**Task requirements**
Without pictures, retype the following entries exactly.

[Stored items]
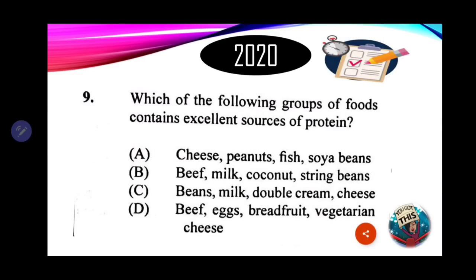Number 9: which of the following groups of foods contains excellent sources of protein? A. Cheese, peanuts, fish, soybeans. Looking very good for A, because all of these sources have all the essential amino acids, meaning they are protein of high biological value — the quality of protein is optimum, with the exception of peanuts. Cheese is of high biological value, fish and soybean from the plant source are also of high biological value.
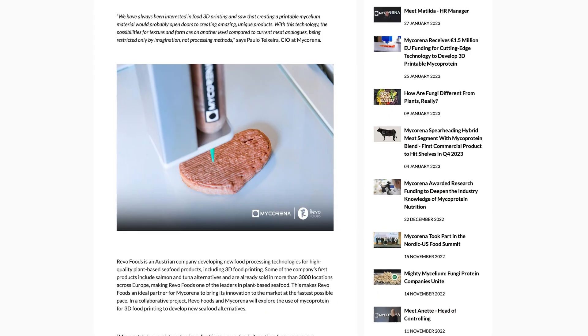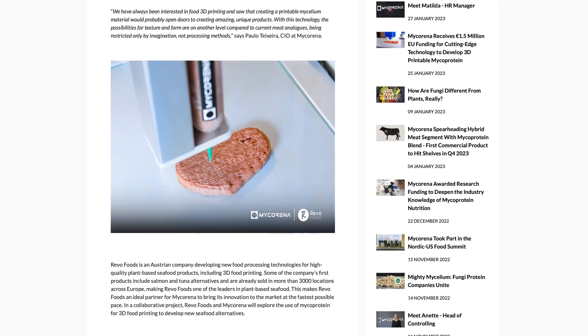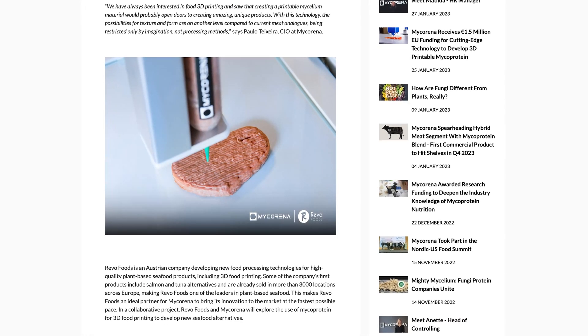And our last story — printed seafood? Several months ago, Revo Foods and Mycorina partnered to start producing mycoprotein as a way to replace seafood. Over $175 million was spent on alternative seafood, which was a 50% increase from 2020. So it's clear the demand is there.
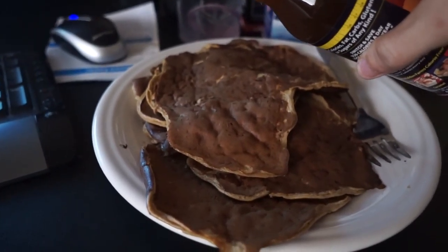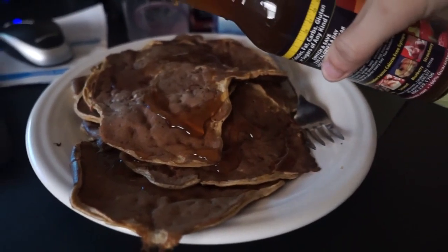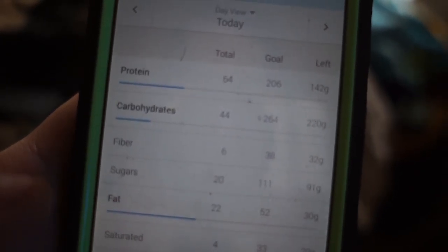Added some syrup — it's delicious. The macros for this are 64g protein, 44g carb, and 20g fat, two of which are from fish oils. Really good macros. I'm going to eat these and probably go to the gym in an hour or two.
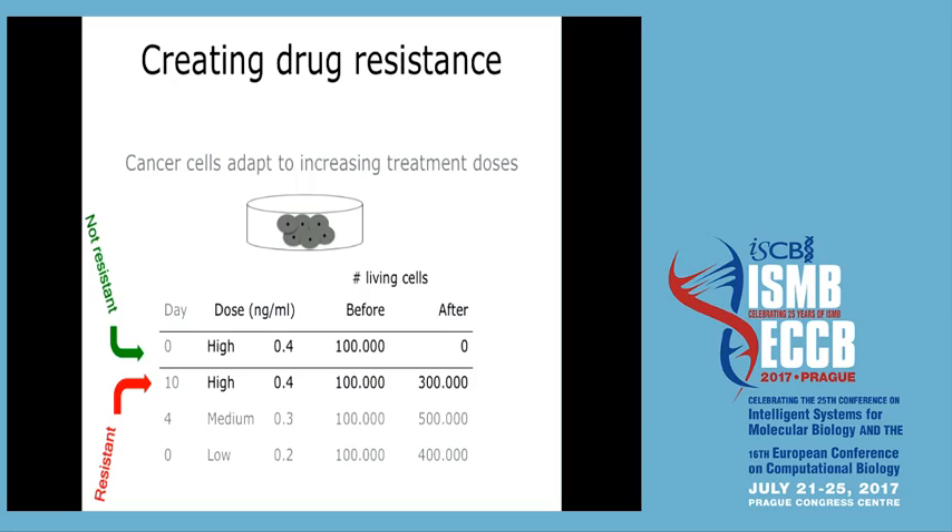But when you expose cells to 0.4 nanograms per milliliter, they continue to grow to 300,000. These cells must be different — what happened is they were slowly exposed to chemotherapy starting from lower doses. On day zero they got 0.2 nanograms per milliliter, grew to 400,000, were reduced back to 100,000, then exposed to 0.3 nanograms per milliliter. By day 10 starting again from 100,000 they reach 300,000 on day 19. We artificially created these resistant cells.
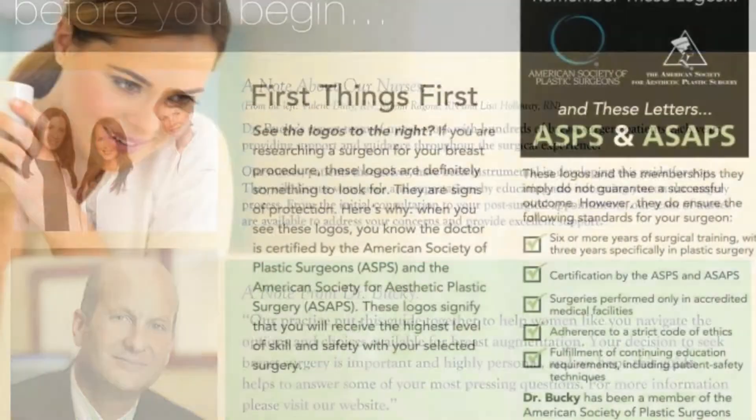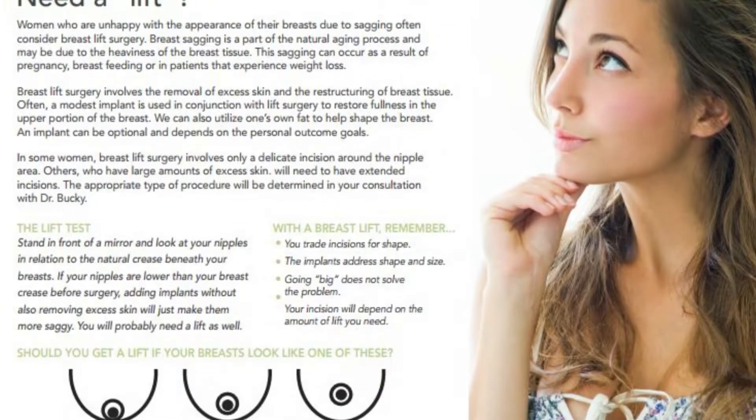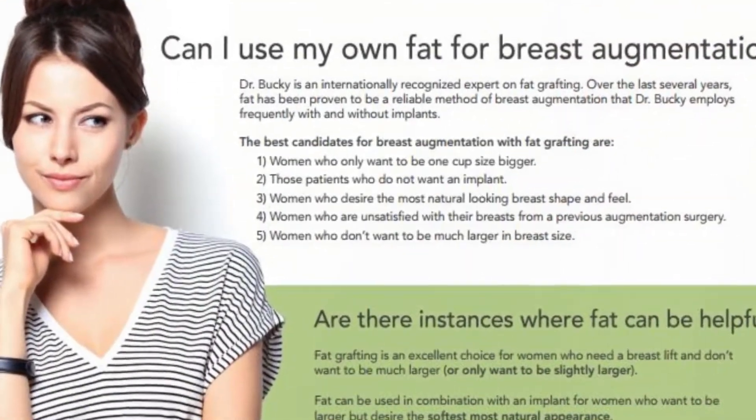We thought by being proactive and developing a guide for our patients, we would be able to communicate better and allow them to get good information from a good source, all in one place, so they don't have to do all that work themselves.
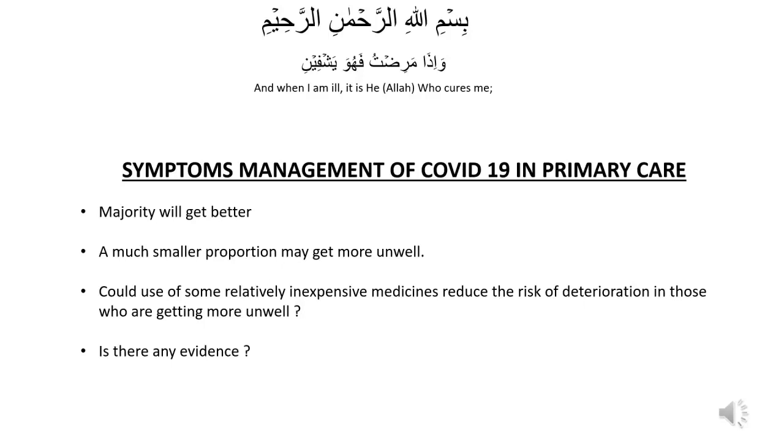Bismillah ar-Rahman ar-Rahim. I want to talk about the management of respiratory symptoms of COVID-19 patients early on to reduce their deterioration.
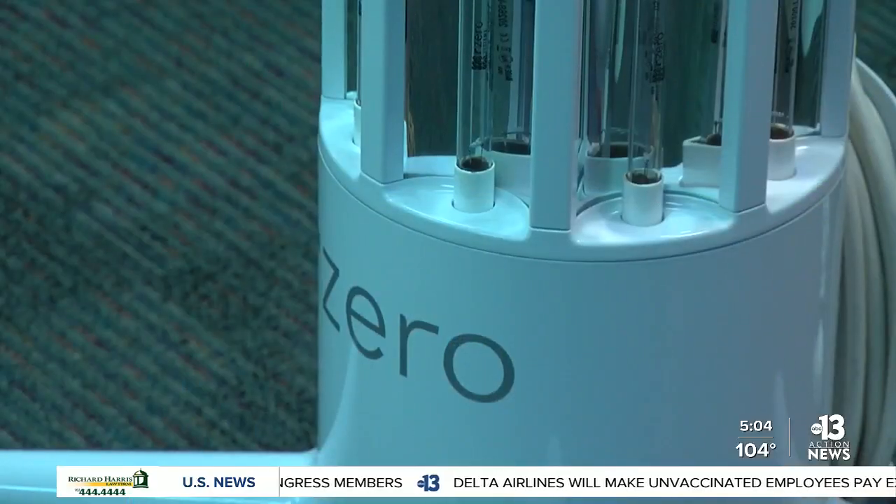It's UVC light, which is light at a specific wavelength, and it has enough energy to inactivate any kind of virus, bacteria, mold, and fungi on any surface or in the air. Developed by R0, these machines are being deployed across the Clark County School District.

**Written reply**
Number 9: which of the following groups of foods contains excellent sources of protein? A. Cheese, peanuts, fish, soybeans. Looking very good for A, because all of these sources have all the essential amino acids, meaning they are protein of high biological value — the quality of protein is optimum, with the exception of peanuts. Cheese is of high biological value, fish and soybean from the plant source are also of high biological value.
And our last story — printed seafood? Several months ago, Revo Foods and Mycorina partnered to start producing mycoprotein as a way to replace seafood. Over $175 million was spent on alternative seafood, which was a 50% increase from 2020. So it's clear the demand is there.
Added some syrup — it's delicious. The macros for this are 64g protein, 44g carb, and 20g fat, two of which are from fish oils. Really good macros. I'm going to eat these and probably go to the gym in an hour or two.
But when you expose cells to 0.4 nanograms per milliliter, they continue to grow to 300,000. These cells must be different — what happened is they were slowly exposed to chemotherapy starting from lower doses. On day zero they got 0.2 nanograms per milliliter, grew to 400,000, were reduced back to 100,000, then exposed to 0.3 nanograms per milliliter. By day 10 starting again from 100,000 they reach 300,000 on day 19. We artificially created these resistant cells.
We thought by being proactive and developing a guide for our patients, we would be able to communicate better and allow them to get good information from a good source, all in one place, so they don't have to do all that work themselves.
Bismillah ar-Rahman ar-Rahim. I want to talk about the management of respiratory symptoms of COVID-19 patients early on to reduce their deterioration.
It's UVC light, which is light at a specific wavelength, and it has enough energy to inactivate any kind of virus, bacteria, mold, and fungi on any surface or in the air. Developed by R0, these machines are being deployed across the Clark County School District.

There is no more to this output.